INPUT DATA Block Start

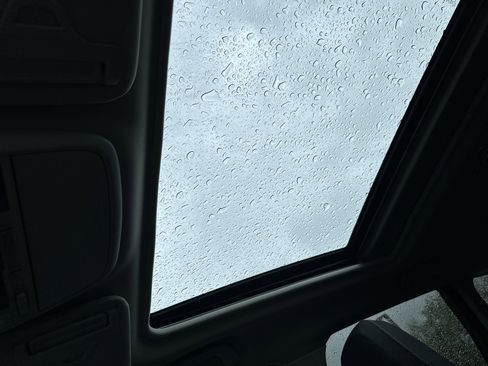 Used 2019 Subaru Forester Premium w/ All-Weather Package AWD/4WD image 28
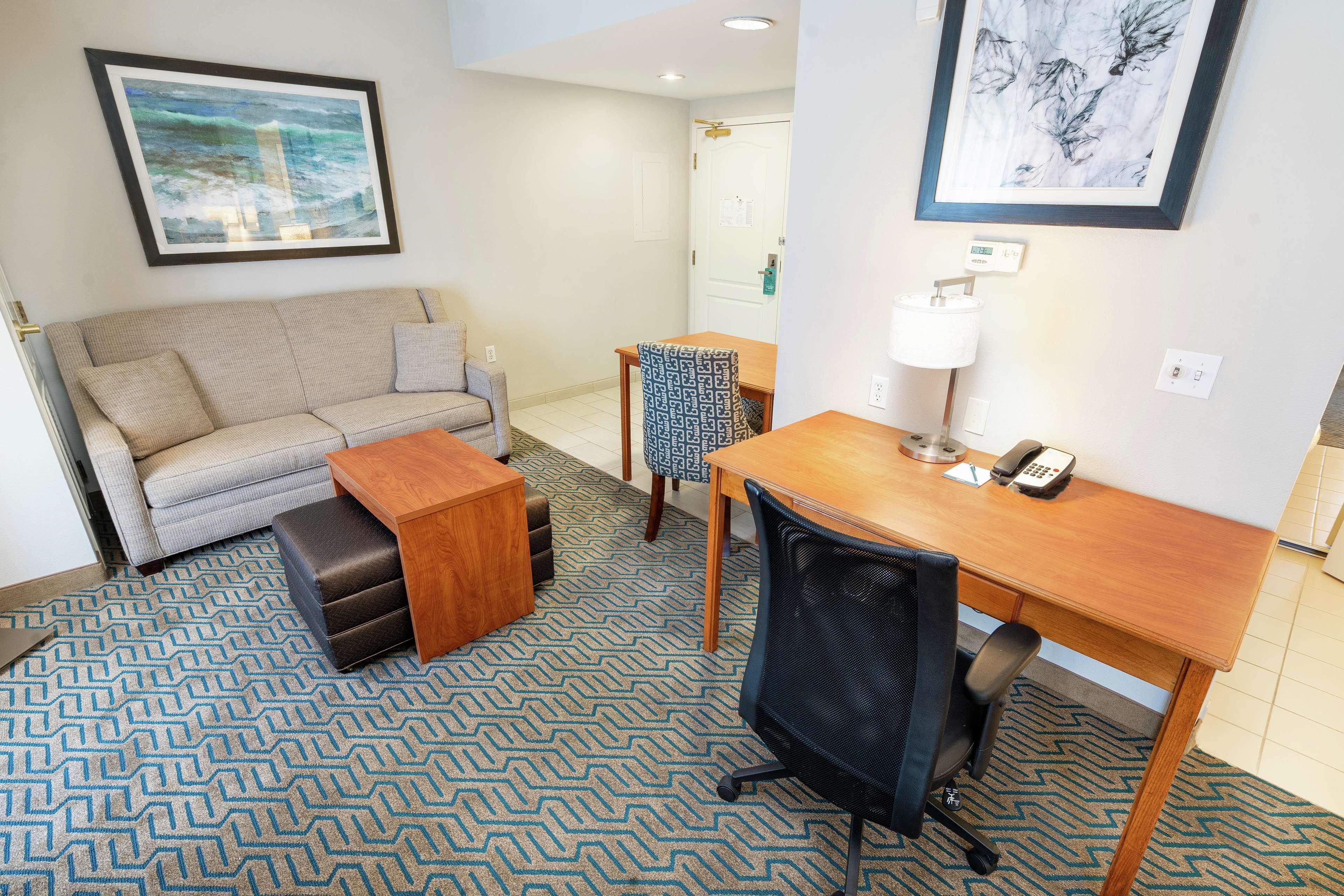 โฮมวู้ด สวีท บาย ฮิลตัน ออนแทริโอ แรนโช คูคามอนกา Hotel แรนโชคูคามอนกา ภายนอก รูปภาพ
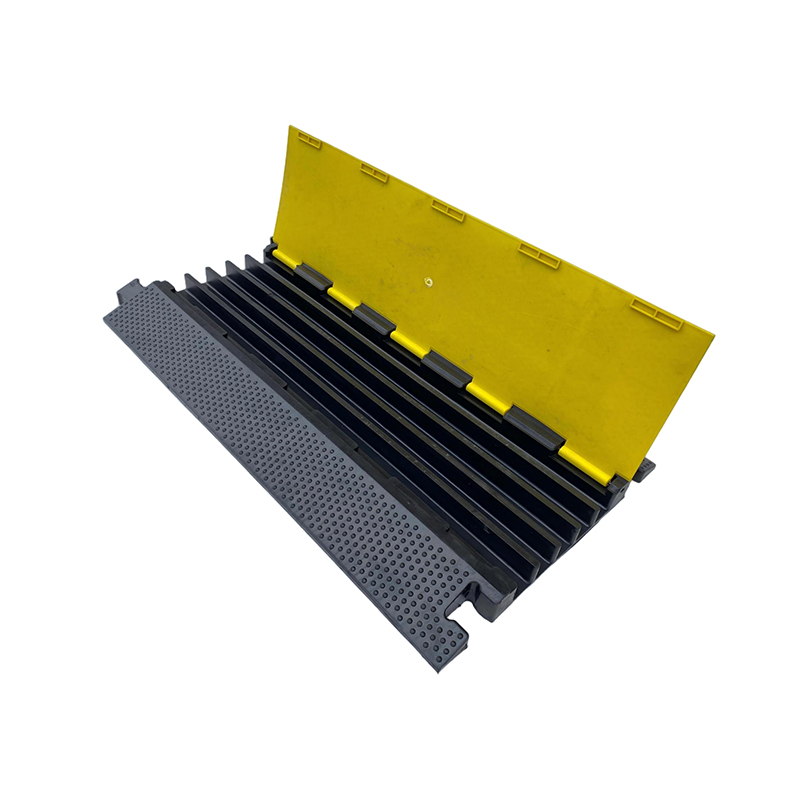 SH018-5S Modulaire, in elkaar grijpende rubberen en plastic kabelbeschermer voor zwaar gebruik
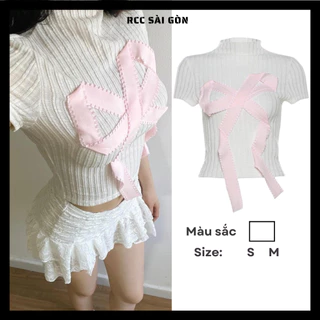 Áo cổ lọ tay ngắn RCC màu trắng, kết hợp họa tiết nơ ribbon hồng xinh xắn, ôm body, tôn dáng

INPUT DATA Block End

** WORK REQUEST **
Repeat only the lines from the one holding "SH018-5S Modulaire, in" through the last line of the data, inclusive. Keep the pictures out.

** TASK RESULT **
 SH018-5S Modulaire, in elkaar grijpende rubberen en plastic kabelbeschermer voor zwaar gebruik
 Áo cổ lọ tay ngắn RCC màu trắng, kết hợp họa tiết nơ ribbon hồng xinh xắn, ôm body, tôn dáng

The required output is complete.